There are many issues and voices flying about, but the Pasadena Star-News just chose to speak up for one of the odder old arguments of charter fans-- that charter schools shouldn't have to hire qualified teachers.

The public face of this argument is usually something about flexibility to hire teachers with professional expertise, like bringing in an experienced actor to teach drama class. I understand the appeal of the argument, but the fact that someone has professional accomplishments does not mean that person is in any way capable of teaching others.

Well, this looks harder than I thought it would be
The less public face of this argument is that many charter fans want charters to operated like businesses with visionary CEOs who can hire and fire as they see fit, without being forced to abide by any rules. Teachers-who-aren't-actually-teachers are also great about being paid less than real professionals and are seen as less likely to start making noises about unions and having a voice in running the school and other annoying behaviors that cramp management's style.

The PNS manages to be capture all the ways to be wrong on this issue.

One charter-school official noted to the Union-Tribune that former Gov. Jerry Brown would not be allowed to teach government under current credentialing rules. Likewise, an experienced newspaper editor can’t teach English and a skilled physicist can’t teach science unless they go through a Byzantine process. That’s wrong.

No, that's right. Just because those people have experience in their field does not mean that they can manage a classroom or impart their accumulated wisdom to students.

PNS editors also embrace the myth of market forces driving educational excellence, a fairy tale for which there is no support even after years of trying it out. And the editors also blame the state's teacher shortage on credentialing:

The state has a teacher shortage largely because the credentialing process is so time-consuming and costly.

Many excellent potential teachers – especially those in math and science – would like to teach, but don’t want to spend years going through that mind-numbing process.

Perhaps.
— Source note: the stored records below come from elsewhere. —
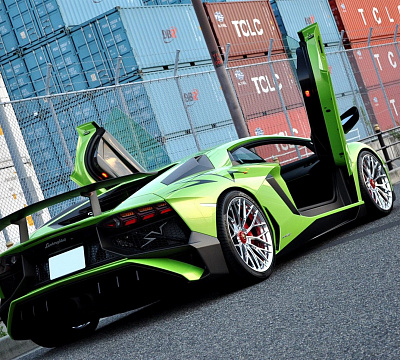 Фото дисков Anrky AN10 на Lamborghini Aventador
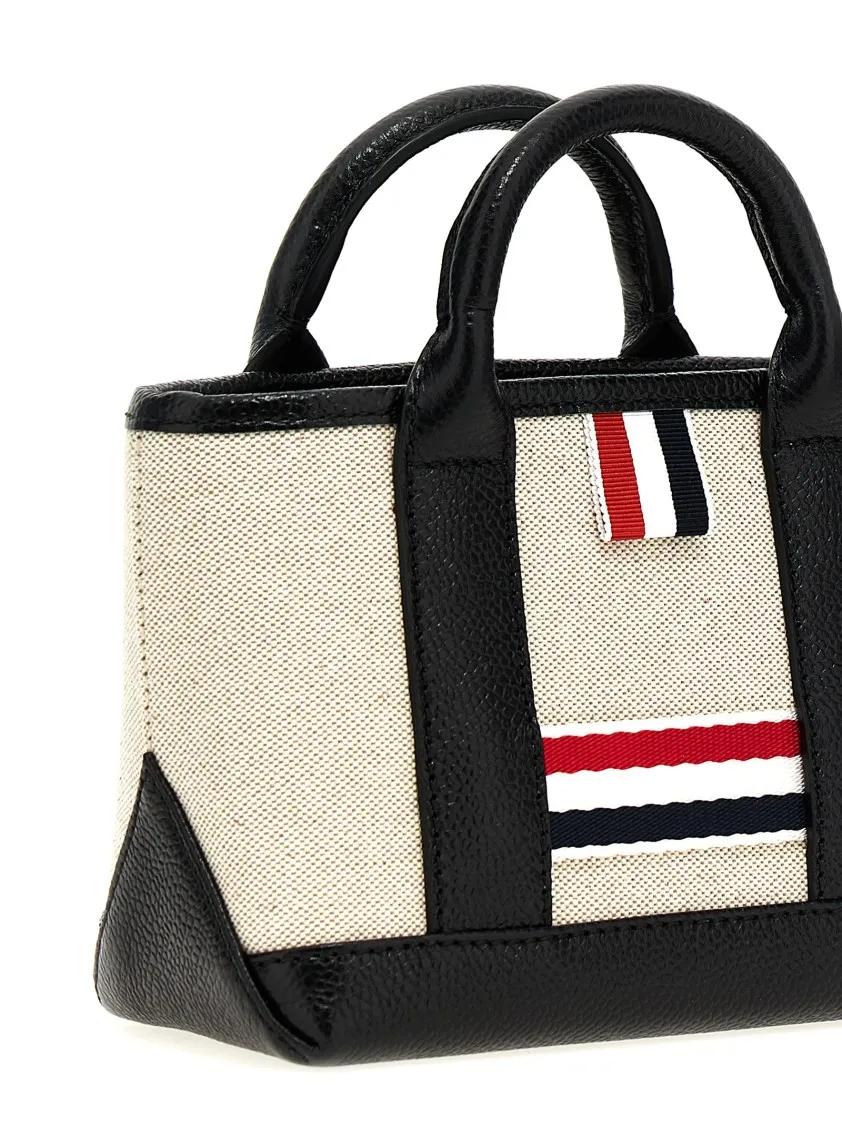 Thom Browne Shoppers & Totes 'Micro Tool Tote' Handbag in zwart
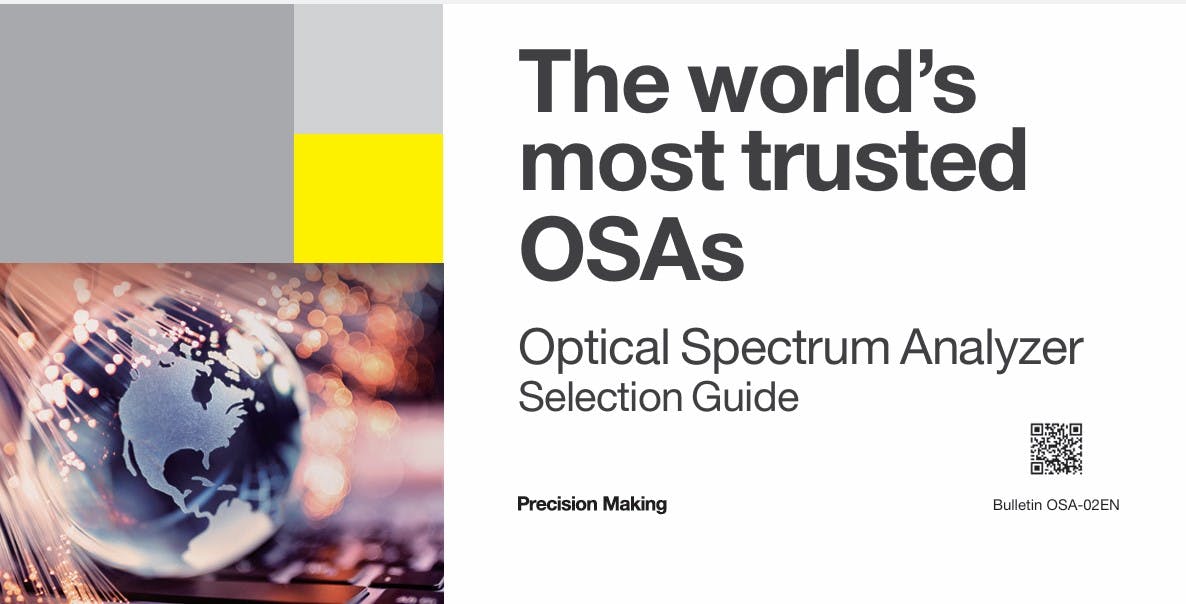 Optical Spectrum Analyzer Selection Guide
But it seems far more likely that excellent potential teachers-- especially those in math and science-- would like a job that doesn't have to be supplemented with a second job. We should probably also factor in that after a proto-teacher goes through the whole process, they are met by the attitude that any mook off the street can be a teacher.

Because the other thing the PNS editors capture is the heavy strain of disrespect that runs through this argument. It is insult added to injury. The PNS editors, I'm guessing, do not decide to go to unlicensed health care providers because any smart person can doctor. The lawyers they keep on call are probably not guys with no law degree who just talk real good, but qualified certified professionals. But somehow, in state after state, all across the country, we find the idea floating around that any warm body will do, that you can just prop up anyone in a classroom and they'll be fine. Teach For America founded an entire movement on the notion that it doesn't take any special training for a smart person to be a teacher (and it doesn't take any depth of experience for that smart person to become an education expert).
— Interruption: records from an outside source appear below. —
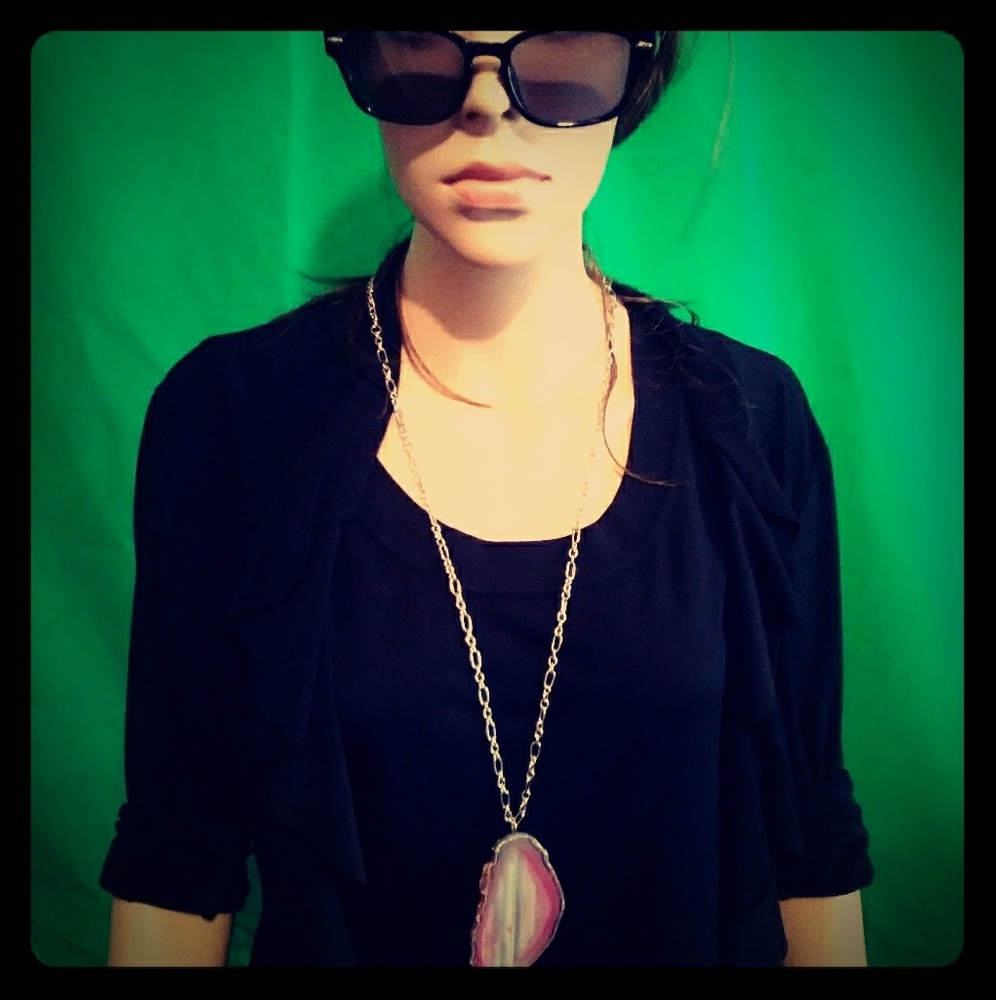 Hand made agate necklace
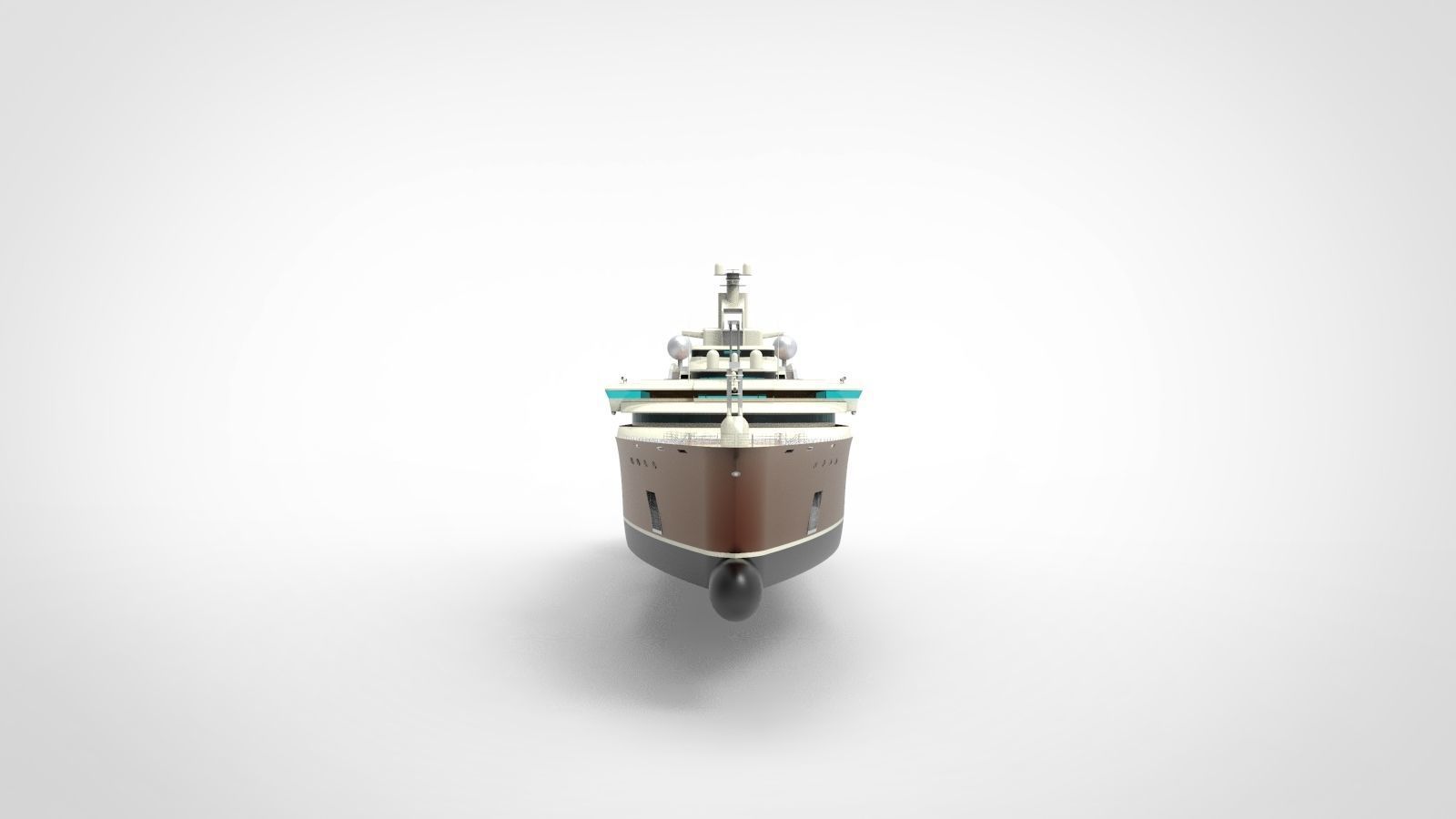 Lurssen Super Yacht 3D model_2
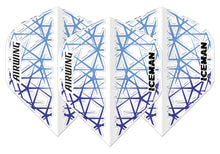 Red Dragon Airwing Moulded Flights - Gerwyn Price - Iceman - White & Blue - Standard Dart Flights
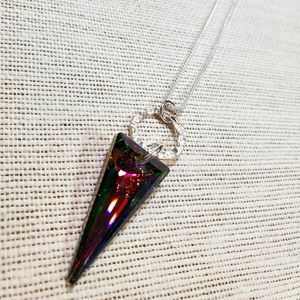 Swarovski Crystal multi-colored spike pendant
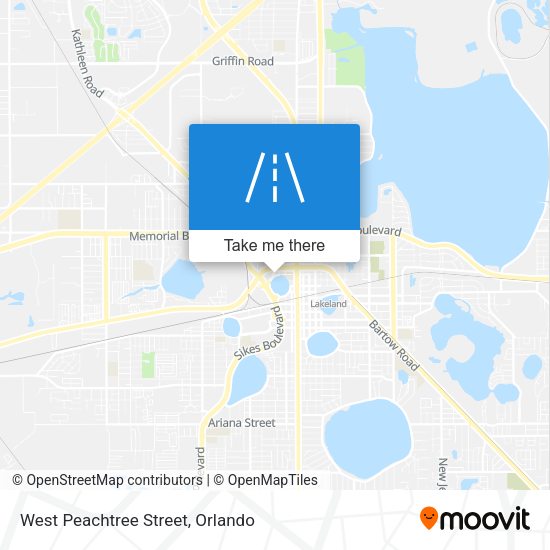 West Peachtree Street map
Of course, the other factor feeding the "any warm body" movement is telegraphed in the editorial's lead:

California’s teachers’ unions are seeing how far they can go to quash the state’s burgeoning charter-school movement now that Democrats have stronger legislative supermajorities and after a pro-charter-school governor has been replaced by one whose support for such schools is more wobbly. 
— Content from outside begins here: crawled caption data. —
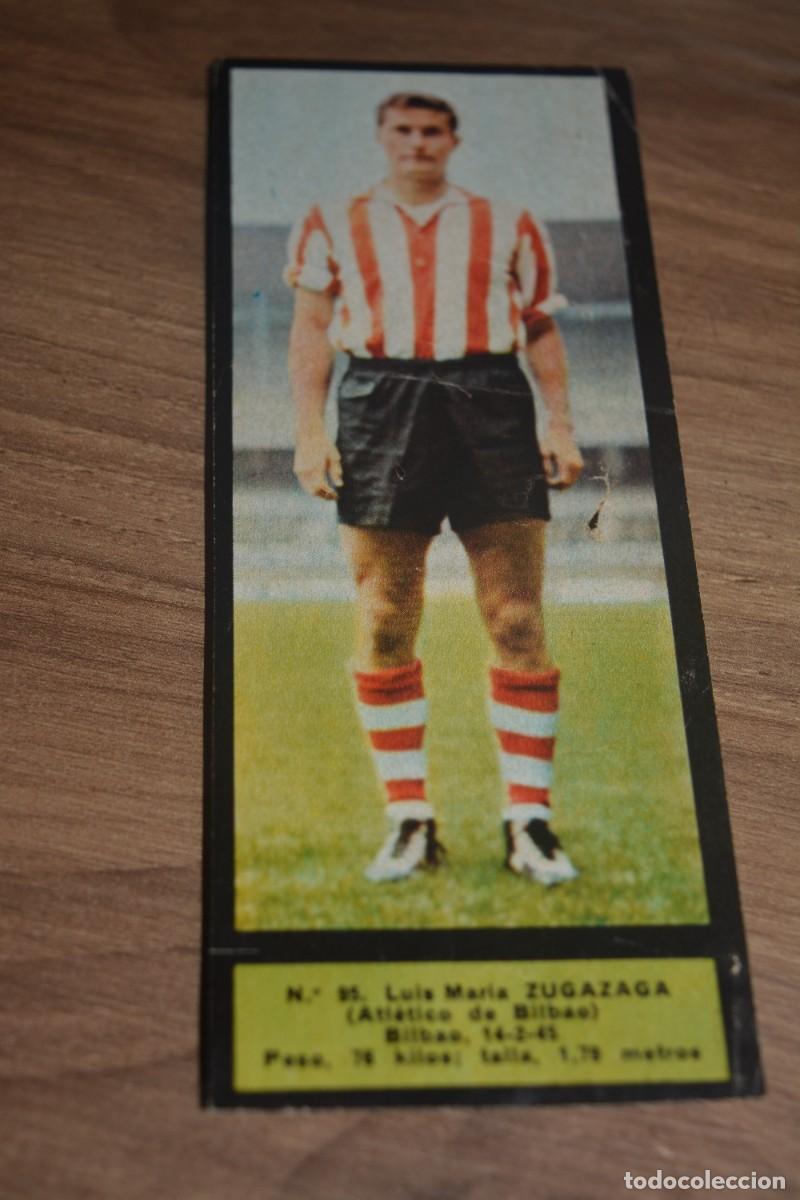 Fu&szlig;ball-Sticker: EL ALCAZAR 1967-68.N&ordm; 95 ZUGAZAGA (ATH BILBAO)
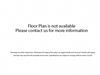 Floor plan of 2 bed, 1 bath, open concept apartments with balcony access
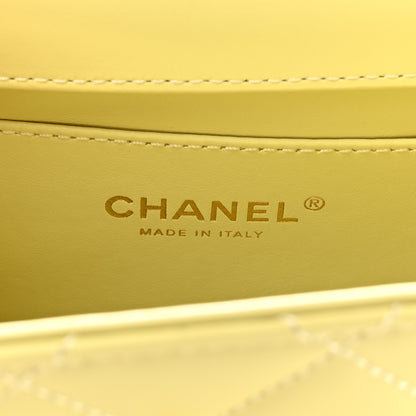 Chanel Calfskin Quilted Mini Perfect Fit Flap Light Green 6 of 11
Those damned unions. Later, the editorial will even float the notion that background checks are not for student benefit, but to protect teachers.

If we break the hold of professional educators on the classroom, this reasoning goes, we can break the power of the teachers union. If we just kill this myth that teaching requires any sort of training, but is just some sort of calling founded on some sort of inborn power to inspire and do teachy things, then anyone can be a teacher, including lots of folks who are just kind of doing it as a side hustle or a new thing to try for a few years.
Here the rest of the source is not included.